Her husband wasn’t interested in drinking ayahuasca, but came to Costa Rica to support her. When they arrived he became curious about the experience, but wasn’t able to participate because of heart problems. (At Rythmia all guests are screened in a medical intake both before and upon arrival.) As it happened, both husband and wife wound up having profound experiences that week. Portnuff, taking part in the nightly ayahuasca ceremonies, had an insight on the first night that, as she said, “I had been denying my soul. And my soul was trying to speak to me. It was trying to say, ‘I’m OK.’”

Her husband went to a breath-work workshop and had a transformation: years of anger and dissatisfaction with the world melting away. The two said their marriage of 49 years changed dramatically that week. Three years later they are still on their “second honeymoon.”

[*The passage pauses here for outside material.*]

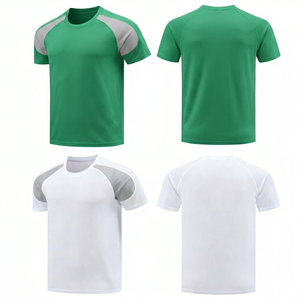 Trendy Custom Men T Shirt Quick Dry short sleeve o neck white green Breathable Mesh grey Panel Fitness wear <b>top</b> manufacturer - Product Image 1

People might startle at the image of someone old enough to be their grandparents willingly embarking on a night of hallucinations and vomiting. But Sophia Rokhlin, co-author of the new book on ayahuasca, “When Plants Dream,” said when it comes to the tradition of drinking ayahuasca, nothing could be more natural. In countries like Ecuador, for example, among tribes who practice healing traditions with ayahuasca, the dynamic Rokhlin has more often observed is this: The elders are increasingly the only ones drinking.

But in the United States, Rokhlin sees the growth of interest among the 70-and-up set as inevitable, for two main reasons: First, more and more scientific studies are being published showing that psychedelic agents have potential in treating persistent mental distress. In one small study of 17 adults, ayahuasca helped relieve recurrent depression. She said scientifically backed research matters more to this older demographic than trippy “kaleidoscopic articles in Vice” extolling the ayahuasca experience. But as well, she said, for those “closer to the end than the beginning,” there is also an increasing sense that “there’s nothing left to lose.”